I showed the gun to a friend who builds reproduction 18th century muskets and rifles and who does some repair work on vintage hammer guns. He expressed surprise at the gun’s relatively good condition, especially the bores. He commented that these so-called “hardware store” hammer guns in decent shape are pretty rare. They were relatively inexpensive, and farmers would keep the gun handy in the barn or shed where it could be quickly retrieved to kill rats, foxes and other varmints, not to mention stray dogs, going after the chickens or chasing livestock. Consequently, such working guns often received little care, and when the guns got too rusty or the bores became too pitted to shoot safely, they were scrapped.
The same day I got the gun from Dad’s old friend and hunting buddy, I took it out to the farm to show it to Dad and to see how it would shoot. I know I should have had a gunsmith check it over first, but it looked to be in such great shape that it didn’t dawn on me at the time that it might not be safe to shoot. Dad and I got out his portable trap to throw a few clays. We were both pleased with how well that old Stevens shot. Although there was an occasional “fail to fire” from light primer hits with the front trigger, we had no trouble breaking targets with it.

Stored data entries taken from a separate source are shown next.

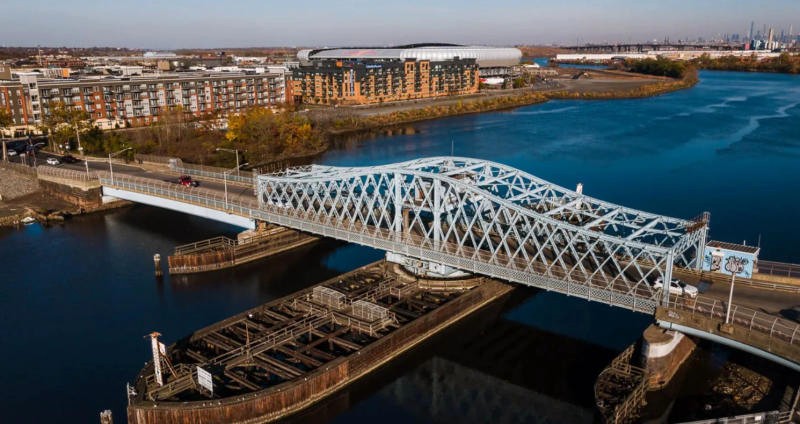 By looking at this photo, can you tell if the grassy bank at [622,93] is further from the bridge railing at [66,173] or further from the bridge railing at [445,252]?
the bridge railing at [445,252]

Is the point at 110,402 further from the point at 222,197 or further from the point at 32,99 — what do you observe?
the point at 32,99

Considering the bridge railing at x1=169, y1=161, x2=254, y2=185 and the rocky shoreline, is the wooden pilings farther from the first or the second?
the rocky shoreline

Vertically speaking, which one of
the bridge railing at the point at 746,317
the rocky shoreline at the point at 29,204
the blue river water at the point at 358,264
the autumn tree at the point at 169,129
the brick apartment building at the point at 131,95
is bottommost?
the blue river water at the point at 358,264

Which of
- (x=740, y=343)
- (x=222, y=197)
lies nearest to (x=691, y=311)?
(x=740, y=343)

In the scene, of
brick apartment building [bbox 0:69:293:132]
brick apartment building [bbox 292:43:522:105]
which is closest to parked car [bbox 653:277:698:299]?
brick apartment building [bbox 0:69:293:132]

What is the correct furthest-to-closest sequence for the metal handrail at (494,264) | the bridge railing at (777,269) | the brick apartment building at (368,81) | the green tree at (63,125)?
the brick apartment building at (368,81) → the green tree at (63,125) → the bridge railing at (777,269) → the metal handrail at (494,264)

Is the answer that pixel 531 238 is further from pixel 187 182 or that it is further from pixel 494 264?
pixel 187 182

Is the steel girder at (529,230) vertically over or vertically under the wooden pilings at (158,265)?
over

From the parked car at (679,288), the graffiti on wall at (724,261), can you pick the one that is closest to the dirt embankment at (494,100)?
the graffiti on wall at (724,261) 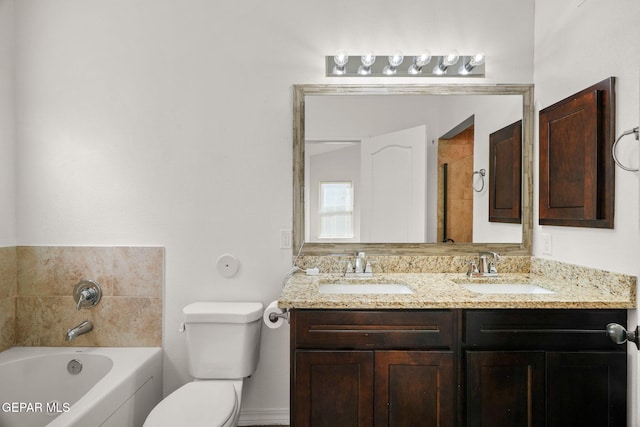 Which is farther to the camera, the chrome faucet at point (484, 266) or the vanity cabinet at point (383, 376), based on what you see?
the chrome faucet at point (484, 266)

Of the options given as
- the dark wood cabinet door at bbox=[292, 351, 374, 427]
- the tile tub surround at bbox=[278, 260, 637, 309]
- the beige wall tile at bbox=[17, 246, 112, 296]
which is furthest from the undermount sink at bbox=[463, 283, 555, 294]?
the beige wall tile at bbox=[17, 246, 112, 296]

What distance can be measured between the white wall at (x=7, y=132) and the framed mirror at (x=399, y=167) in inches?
63.6

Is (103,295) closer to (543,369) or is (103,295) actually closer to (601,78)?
(543,369)

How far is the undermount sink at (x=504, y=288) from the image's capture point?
1.96 m

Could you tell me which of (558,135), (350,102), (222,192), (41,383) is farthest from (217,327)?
(558,135)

Later, back home in Virginia, I had it thoroughly checked out, cleaned and new hammer springs installed by a gunsmith. I patterned the gun with 1-ounce, 7½ Remington Game Loads. At 20 yards both barrels were close to POA, putting 90% -91% in a 30-inch circle. I shot a couple of rounds of wobble clays with it at a local club. The course consists of five stations in a slight arc even with the wobble trap. A single and two report pairs are shot from each station. I hit 19 out of 25 the first round and 20 out of 25 the second round. Not too bad when you consider that most shots are being taken between 20-35 yards. A few months later I shot two rounds of skeet with 1 oz. #7½ Fiocchi’s (I have found that they have softer primers than Federal, Winchesters or Remington game and target loads.). Shooting low gun I hit 22 out of 25 and 21 out of 25. I was beginning to think it might really be a decent quail gun. I actually did take it pheasant hunting, killing three pheasants the first day I hunted with it. By the way, the front trigger is still hard to pull!

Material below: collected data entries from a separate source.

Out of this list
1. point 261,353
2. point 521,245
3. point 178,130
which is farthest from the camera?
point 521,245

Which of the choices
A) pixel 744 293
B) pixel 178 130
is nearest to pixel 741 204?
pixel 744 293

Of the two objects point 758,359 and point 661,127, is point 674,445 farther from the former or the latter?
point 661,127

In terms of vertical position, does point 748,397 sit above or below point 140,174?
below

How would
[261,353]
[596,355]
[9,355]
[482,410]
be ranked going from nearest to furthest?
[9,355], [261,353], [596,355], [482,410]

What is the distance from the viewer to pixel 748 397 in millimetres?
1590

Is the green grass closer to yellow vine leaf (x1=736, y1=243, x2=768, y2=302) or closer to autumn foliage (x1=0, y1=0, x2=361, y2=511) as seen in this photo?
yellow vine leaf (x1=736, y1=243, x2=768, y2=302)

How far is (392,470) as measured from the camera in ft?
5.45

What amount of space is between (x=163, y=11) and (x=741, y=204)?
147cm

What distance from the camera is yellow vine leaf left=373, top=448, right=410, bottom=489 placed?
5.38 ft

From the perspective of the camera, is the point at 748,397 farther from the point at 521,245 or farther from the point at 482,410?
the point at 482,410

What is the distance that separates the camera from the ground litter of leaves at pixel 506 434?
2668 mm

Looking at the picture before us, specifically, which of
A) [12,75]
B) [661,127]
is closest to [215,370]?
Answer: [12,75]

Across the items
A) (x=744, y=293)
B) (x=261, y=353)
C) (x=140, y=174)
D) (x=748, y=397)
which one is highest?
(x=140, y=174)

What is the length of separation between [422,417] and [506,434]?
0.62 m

We all have heard or asked questions like, “How much is that gun worth?” or “What is the value of that gun?” Value is ultimately in the eyes of the beholder, and to most folks, this gun, with its sawed-off 20-inch barrels, is probably not worth much dollar-wise. However, to me, getting it back after all those years, listening to my dad's stories about hunting with it and he and I actually being able to shoot it together, that old Springfield-Stevens hammer gun is absolutely priceless.

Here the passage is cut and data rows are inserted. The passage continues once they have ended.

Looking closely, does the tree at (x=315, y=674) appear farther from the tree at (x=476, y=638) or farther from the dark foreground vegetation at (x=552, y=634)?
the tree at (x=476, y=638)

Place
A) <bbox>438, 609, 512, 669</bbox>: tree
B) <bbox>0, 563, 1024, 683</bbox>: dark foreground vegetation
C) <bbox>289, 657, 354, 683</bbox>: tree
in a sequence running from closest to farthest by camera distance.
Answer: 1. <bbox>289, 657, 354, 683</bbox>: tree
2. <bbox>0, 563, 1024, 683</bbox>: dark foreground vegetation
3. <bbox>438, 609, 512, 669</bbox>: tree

Barry L. Marten, who now lives in Virginia, grew up on a farm in central Illinois where he hunted doves, rabbits, quail and pheasants with his dad and dad's good friend, Harry Moore. Barry has collected and enjoyed shooting many different shotguns over the past 50 years. Other than his first Marlin Model 90 over/under given to him by his father in 1957, none holds a more personal connection than his dad's old Springfield-Stevens No. 215 side-by-side hammer gun.